We can follow Jesus in a ministry of healing, and we don’t have to go to extremes.  We can pray with compassion, and trust that whatever happens in ordinary reality, non-ordinary reality is shifted by prayer.  We can even lay on hands with some simple training, and this makes our love concrete by physiological entrainment.

More conventionally, we can nurture healing relationships by visiting and calling and sending notes to those who are suffering, especially if their condition prevents them from getting out and doing the usual relationship things. We can advocate for affordable healthcare for all, as something all God’s children need, and deserve. And some of you have medicine as your vocation; we can advocate to preserve your jobs from being squeezed by profit-making bosses into their own kind of suffering.

When I lived in Virginia for the last two years, I volunteered with hospice. Ironically, despite being for the dying, hospice really is physically healing.  Studies have shown that people who accept hospice as soon as they’re eligible live on average a couple of months longer than people who opt out of hospice. But that is not the point.  The purpose if hospice is to give people comfort and choice and dignity near the end of life. 

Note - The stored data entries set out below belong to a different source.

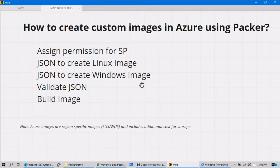Welcome back. In this video we will see how to create a custom image in Azure by using Packer. We will take one Linux server as an example and one Windows server as an example, and by using custom JSON templates we will see how we can create the custom images inside Azure with Packer.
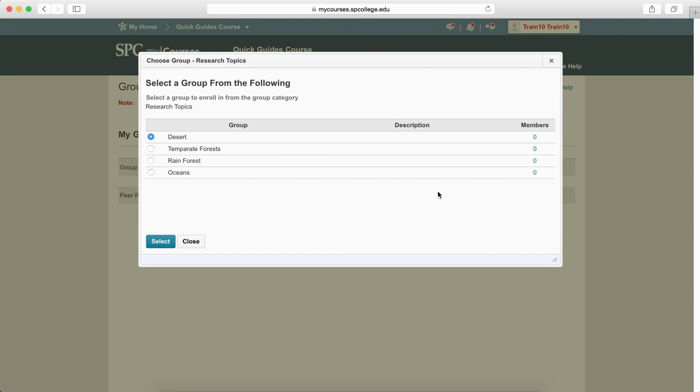Once they choose that, a new window appears. And in this particular case, they would then be able to see which group that they want. So the student then would click on the name of the group that they want and click Select.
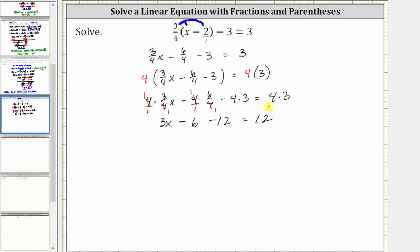Notice by multiplying both sides of the equation by the LCD, we now have an equivalent equation that no longer contains fractions. So now solving this equation, the next step is to combine like terms on the left. Negative six minus 12 is negative 18, so the left side simplifies to three x minus 18 equals 12.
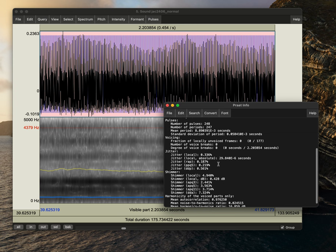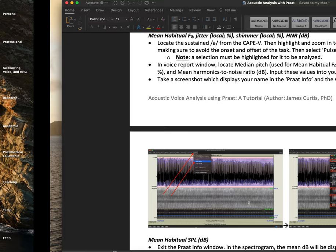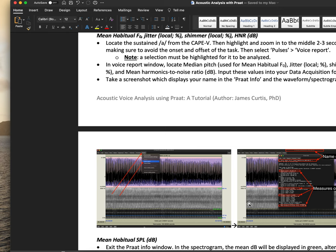And we'll notice here that we have our median pitch, which we'll use. We also have our jitter, our shimmer, and we use the local percentages and our harmonic noise ratio. So those are our four measures that we very quickly and easily get.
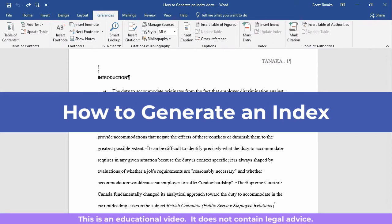While you might believe that creating an index in Word is complicated, it's actually quite easy. The length and complexity of the source material will affect how much effort this task requires, but I'll use one of my essays from law school to demonstrate the basics in this video.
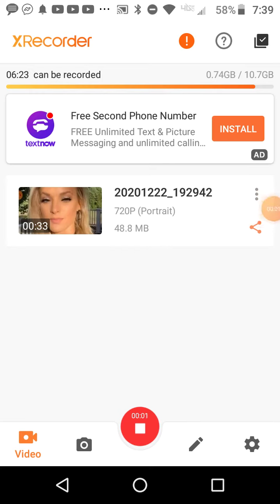What is up everyone? Today you're back with another video on my channel, and today we're going to be breaking a world record for the first fastest person to ever count to 100.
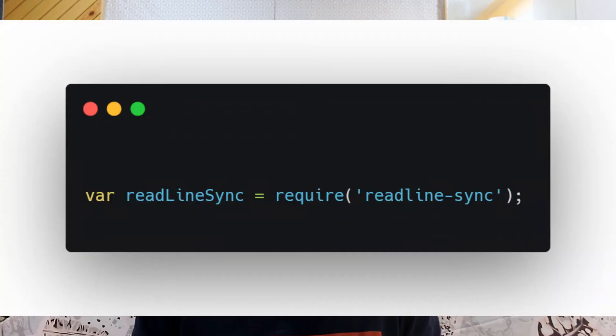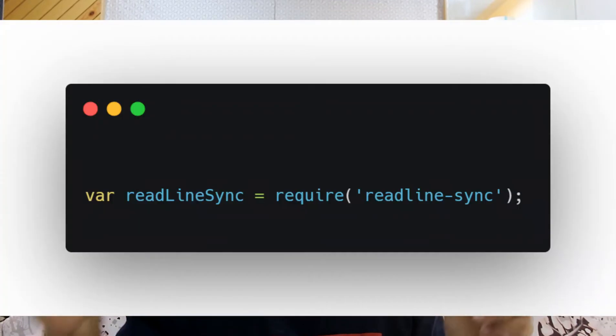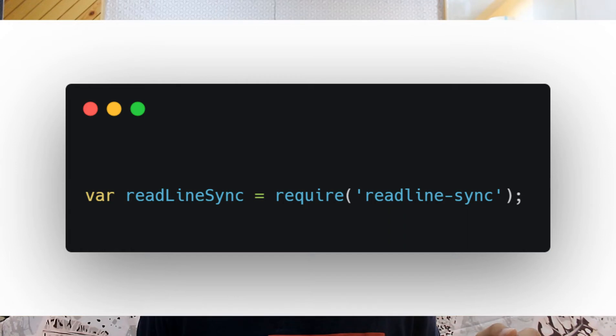So how do you use it? You say where ReadLineSync is going to require ReadLineSync. This is very useful and you can use it.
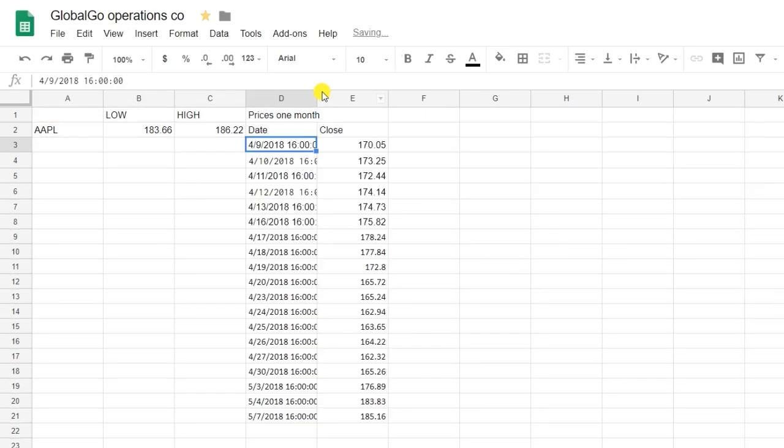As you can see, the Google Finance formula successfully determined the stock prices of last month.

I visited people in hospice care and their families, sometimes in the role of a minister and sometimes with Reiki healing touch. The medical staff worked hard to keep these people comfortable. And I did whatever I thought might help for them and their loved ones.  Sang a song, prayed a prayer, held a hand. I think what I was really doing was sharing with them what God gives me: a Presence that does not fear death or suffering, that honors the sacredness of life, so that they could relax into God’s love.

In Jesus’ upside-down Kingdom, God’s love is contagious, and it conquers fear.  God’s healing power is contagious, and it drives out oppression. Whatever our physical situation, we can claim these things. They never run out, and as we share them, they even multiply.  This is not ordinary reality. This is God’s reality, made known to us through Jesus.  May you experience that healing relationship.  Amen.